Sunday, October 7, 2007 | 08:19 AM ET
It took a while, but the streets of St. John's finally look like there's an election underway. Major thoroughfares are lined with blue, red and orange, although I have to agree with a Telegram editorial of a few days ago, which noted that - at least on the northeast Avalon - "the number of signs pounded into public property vastly outnumber the signs that voters have agreed to have on their own land."
That being said, we've also noticed some signage oddities along the campaign trail ... some of which we've mentioned on the air. First, a refresher:
Above is an image of Danny Williams, on his first trip to Torngat Mountains district in Labrador, to campaign with candidate Patty Pottle. (The second visit, this week, you may recall, is when Williams all but promised voters that Pottle will get a cabinet seat if she wins.) A quick look at the spelling of the district will let you know that there's not much time for proofreading in the haste to get signs made.
[UPDATE: The PC campaign called to say that "Torngait" is how many Inuit spell the word.]
For our second image, here's a question: how possessive is Danny Williams, anyway?

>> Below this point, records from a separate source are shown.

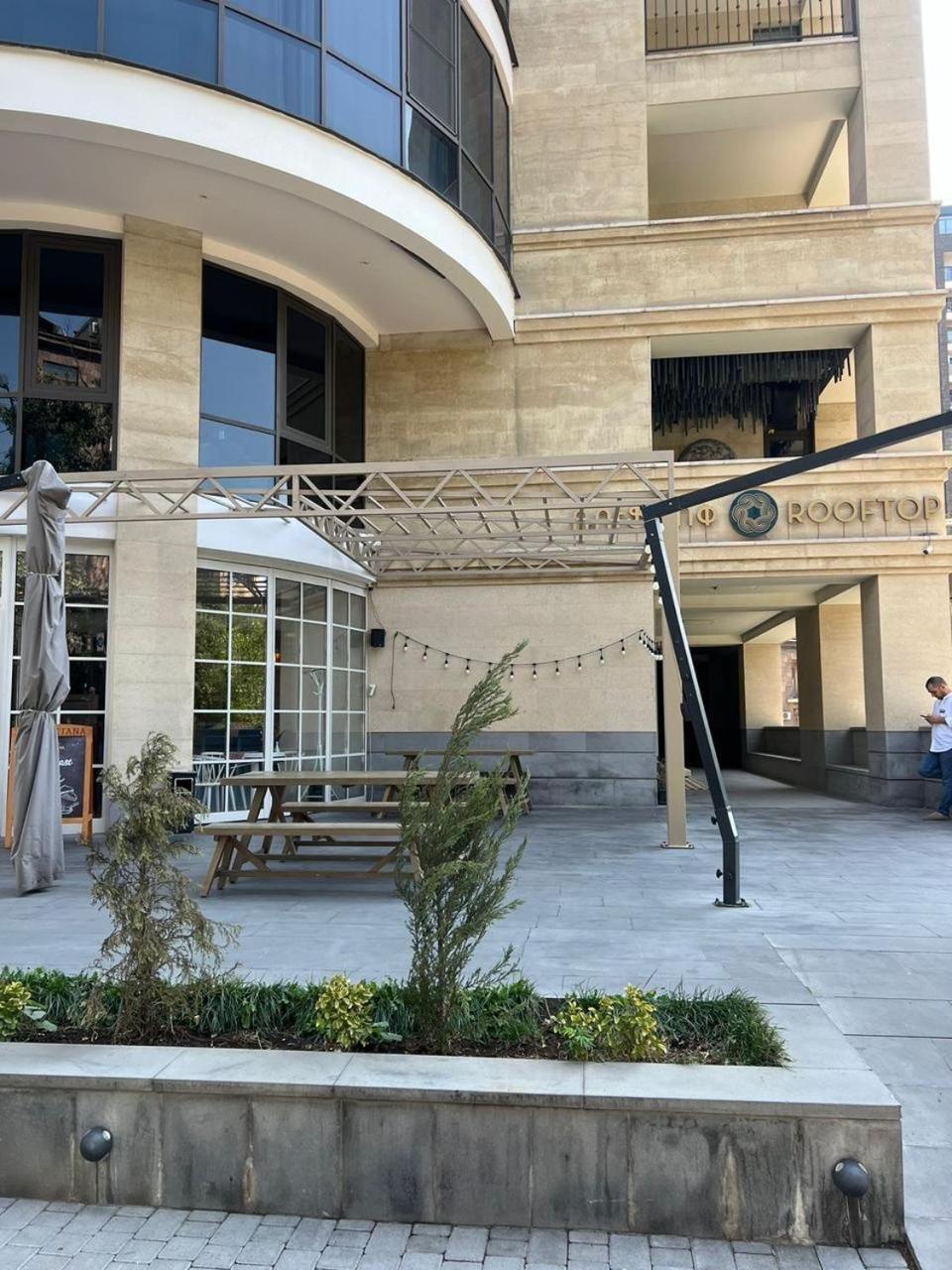 Malibu Apartment Yerevan Luaran gambar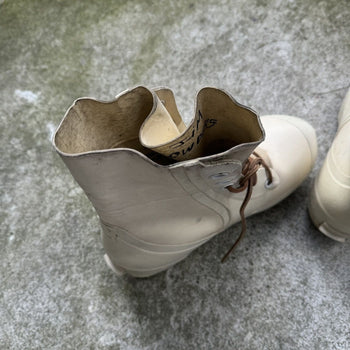 VINTAGE 1980S WHITE BATA BUNNY BOOTS 9R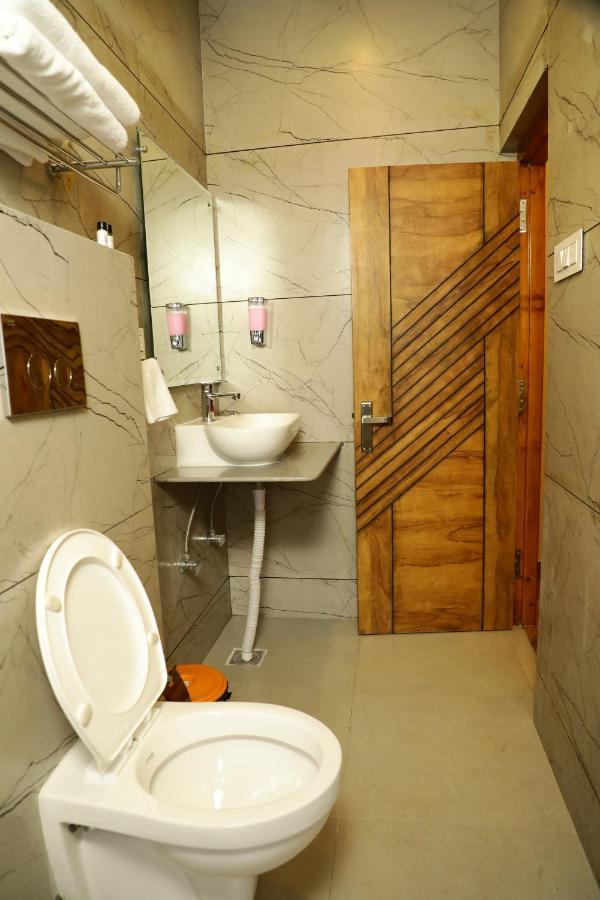 Dee Ess Residency Bed & Breakfast Shimla Ngoại thất bức ảnh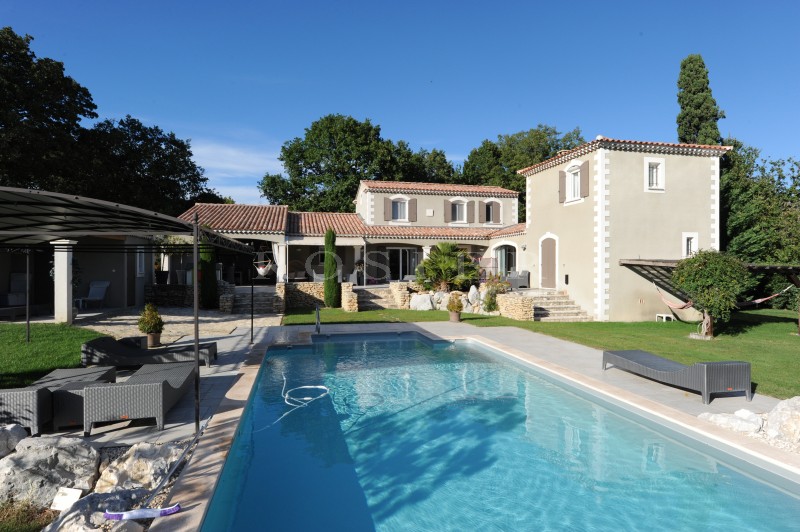 For sale in the Alpilles, exceptional architect house with larges volumes and high quality materials.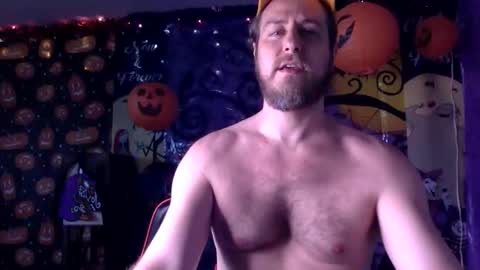 Snapshot of islanddudehawaii chatting on 11.05.25 IslandDudeHawaii online show from 11.05.25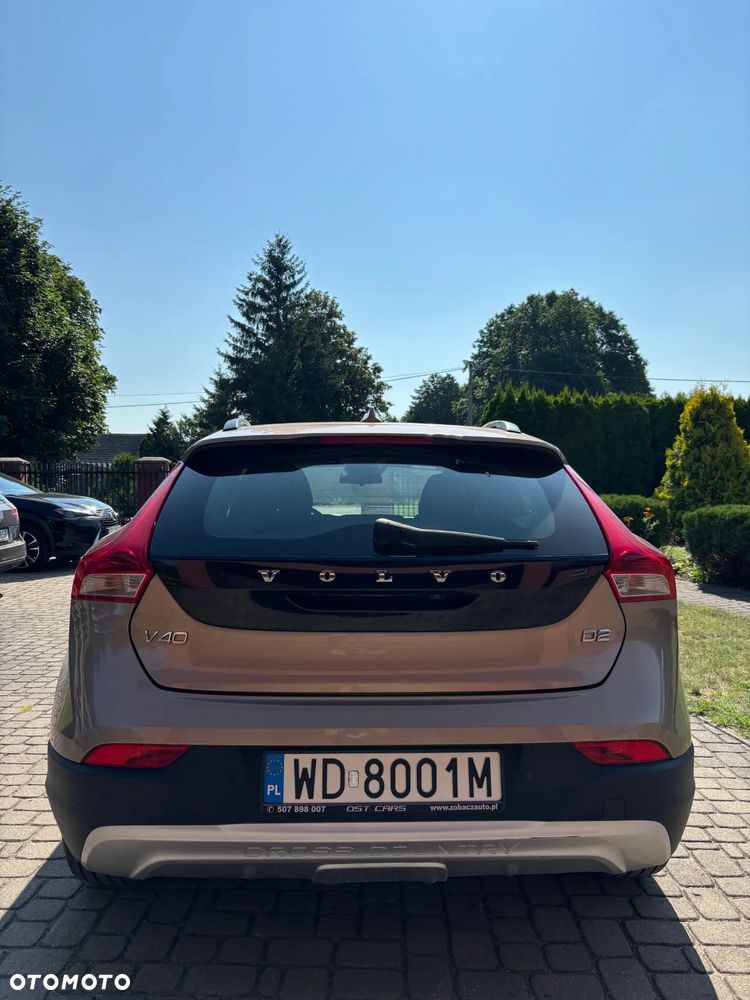 Volvo V40 Cross Country D2 Kinetic - 4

Our eagle-eyed reporter-slash-grammarian Doug Greer spotted this error while interviewing Humber East incumbent Tom Marshall, who - to his credit - fessed up to not catching the cat-apostrophe on his sign. No need for that little bit of punctuation, as Williams is the modifier in this phrase. (Grammar fans, all two of you, may be interested to know that CBCNews.ca style on expressing the premier's name in a possessive form is to say, for instance, "Williams's team," but without the "the." )
Recycling is a good thing, even on the campaign trail. Gemma Schlamp-Hickey, running for the NDP in St. John's East, is making good use of signs she evidently had made earlier this year ... for the byelection in Kilbride district. A close look at the photo above shows how easy it is to freshen up a perfectly good sign.
Speaking of recycling, Doug noticed this sign amid a display of signage at the Liberal party campaign launch a few weeks back. Is it just us, or does that blue lettering on some Simon Lono signs - with red banners stickered across - suggest the signs were retailored from some other use (municipal campaign, perhaps), or what?